Dyrektywa Komisji Europejskiej, której wprowadzenie doprowadzi do ograniczeń w handlu bronią i dostępie obywateli do broni półautomatycznej, wymienia również "repliki".
W dokumencie czytamy:
"In Category C, the following points are added:
‘5. Alarm and signal weapons, salute and acoustic weapons as well as replicas;"
Innymi słowy - obok broni sygnałowej / alarmowej / hukowej znalazła się również kategoria "repliki". Oczywiście zapis jest niejasny, gdyż nie podaje o jakie repliki broni chodzi. Jednak tego typu forma zapisu, w przypadku sformułowań prawnych / przepisów czy ograniczeń, jest zwykle celowym zabiegiem. Odpowiednio szerokie pojęcie pozwala bowiem na podciągnięcie pod dany zakaz wszystkiego co tematycznie pokrewne - zależnie od woli urzędników.
(Link do oryginału przygotowywanej dyrektywy: PDF)

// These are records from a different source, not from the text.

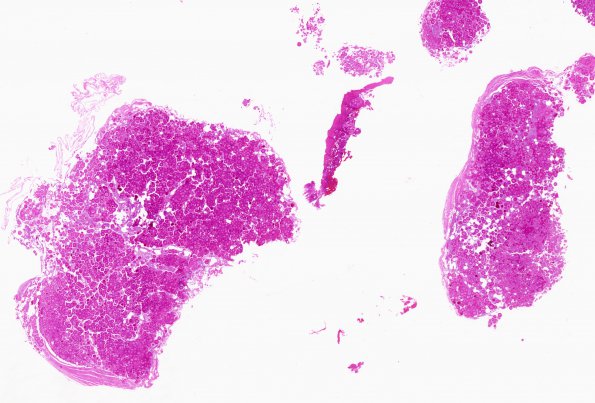 2B1 Meningioma, psamommatous (Case 2) H&E 5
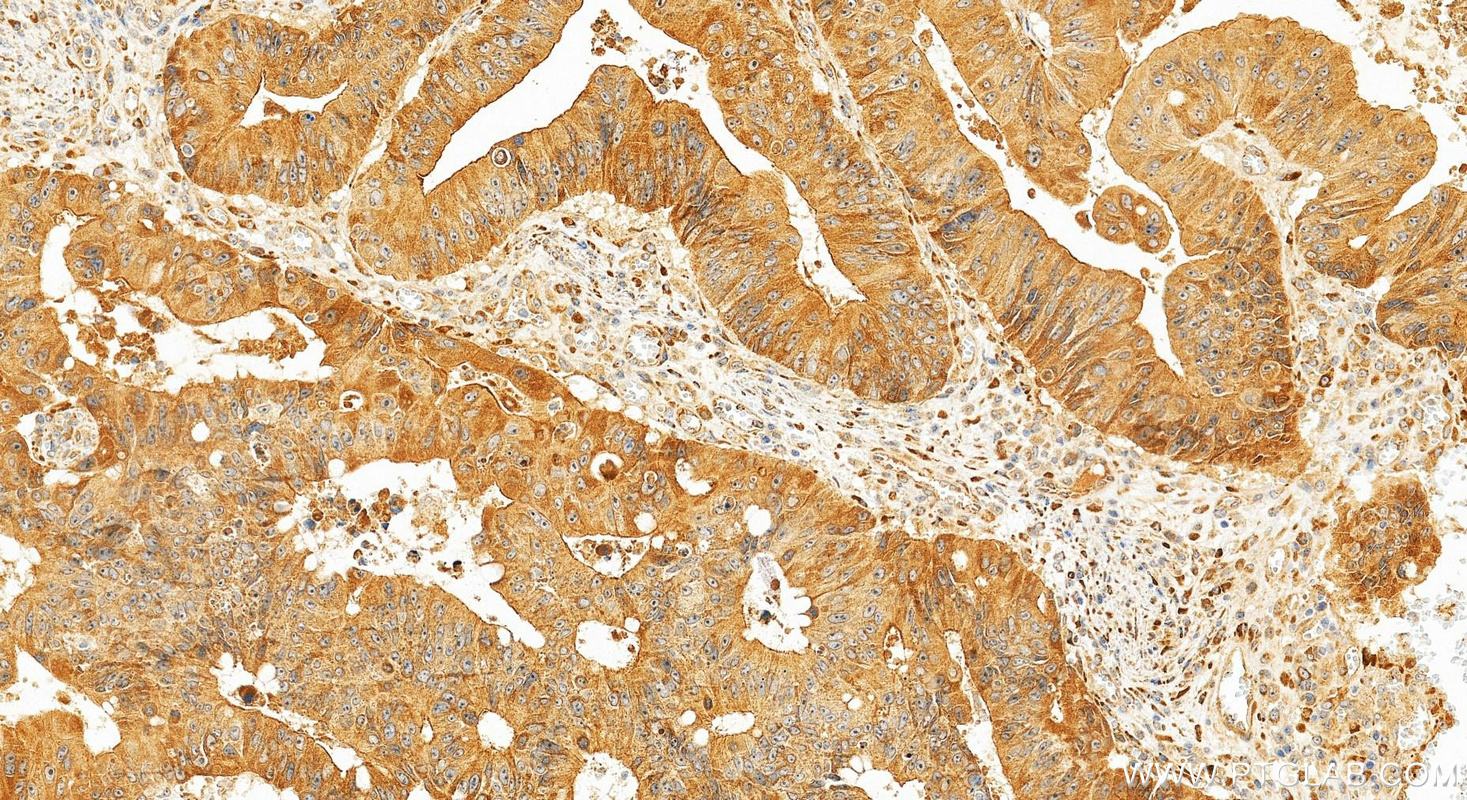IHC staining of human colon cancer using 31489-1-AP (same clone as 31489-1-PBS) IHC staining of human colon cancer using 31489-1-AP (same clone as 31489-1-PBS)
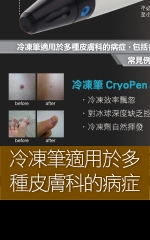 冷凍筆適用於多種皮膚科的病症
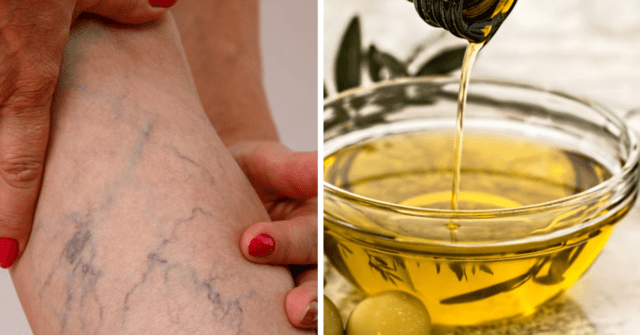 Aceite de oliva y hojas de laurel contra las varices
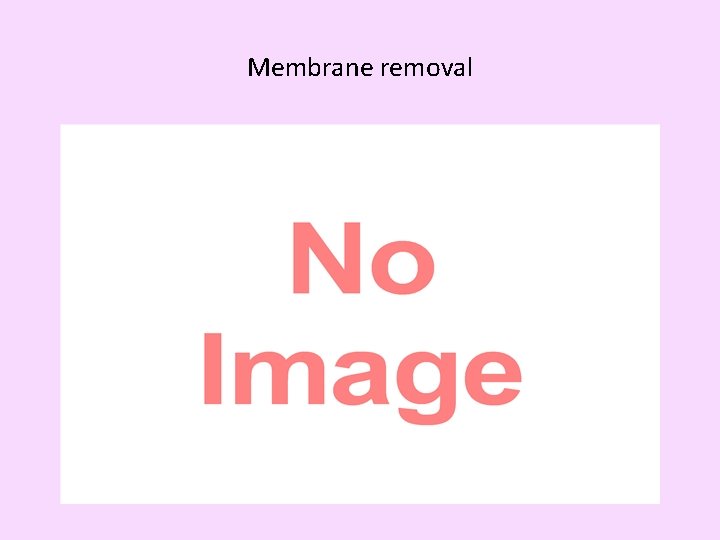 Membrane removal 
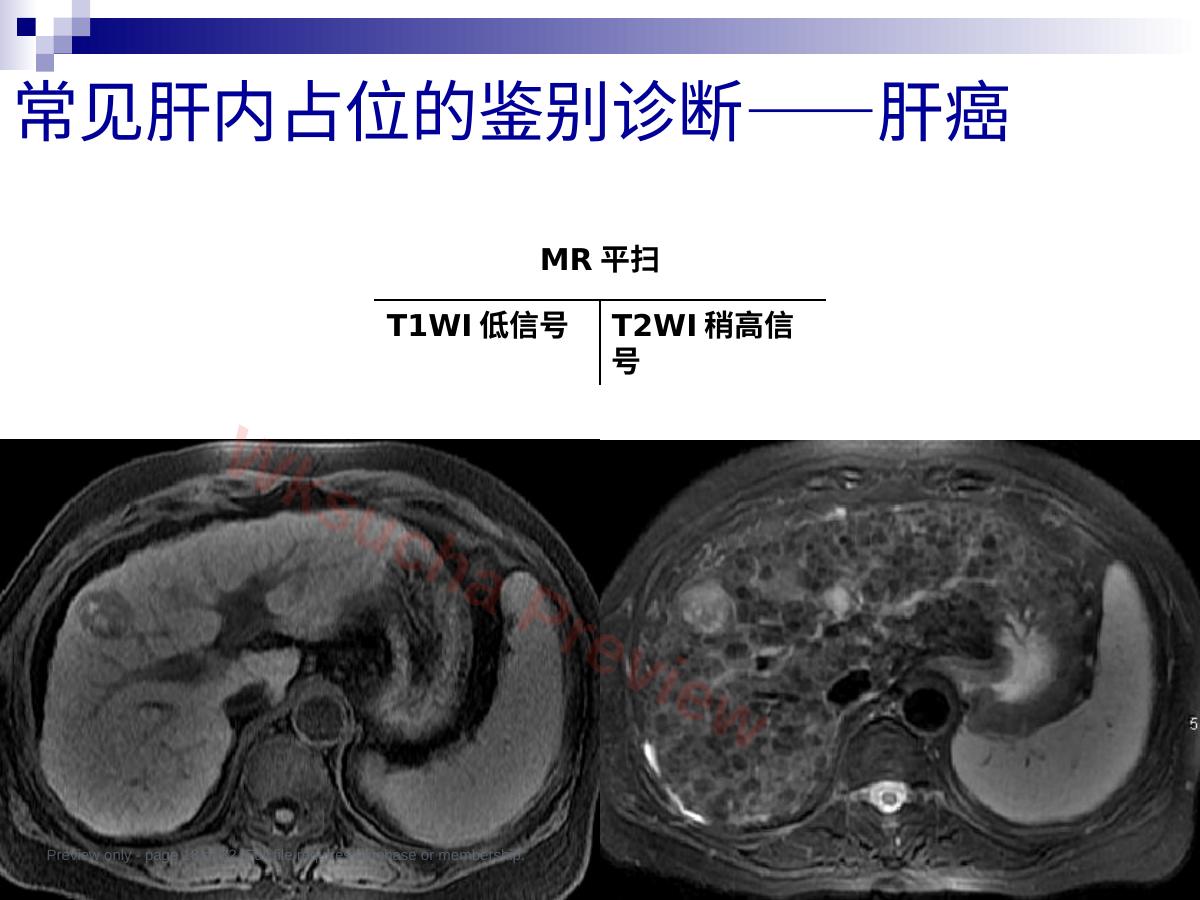 预览第 18 页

Z zacytowanego fragmentu dyrektywy wynika, że repliki broni zakwalifikowane mają być do kat. C. Oznacza to, że będzie konieczna ich rejestracja na policji - tak samo jak w przypadku wiatrówek powyżej 17 J w chwili obecnej. Oznacza to, że konieczne będzie spełnienie wszystkich wymogów rejestracyjnych: wiek powyżej 18 lat i niekaralność. Konieczne będzie również okazanie dowodu zakupu, co uderzy z kolei w drugi obieg (nie mówiąc już o płaceniu podatków przy obrocie replikami).
Czy działania Komisji Europejskiej obejmą repliki ASG? Trudno powiedzieć, ale wszystko wskazuje na to, że urzędnicza paranoja rozwija się w najlepsze, a tym samym rykoszetem może trafić również w środowisko airsoftowe.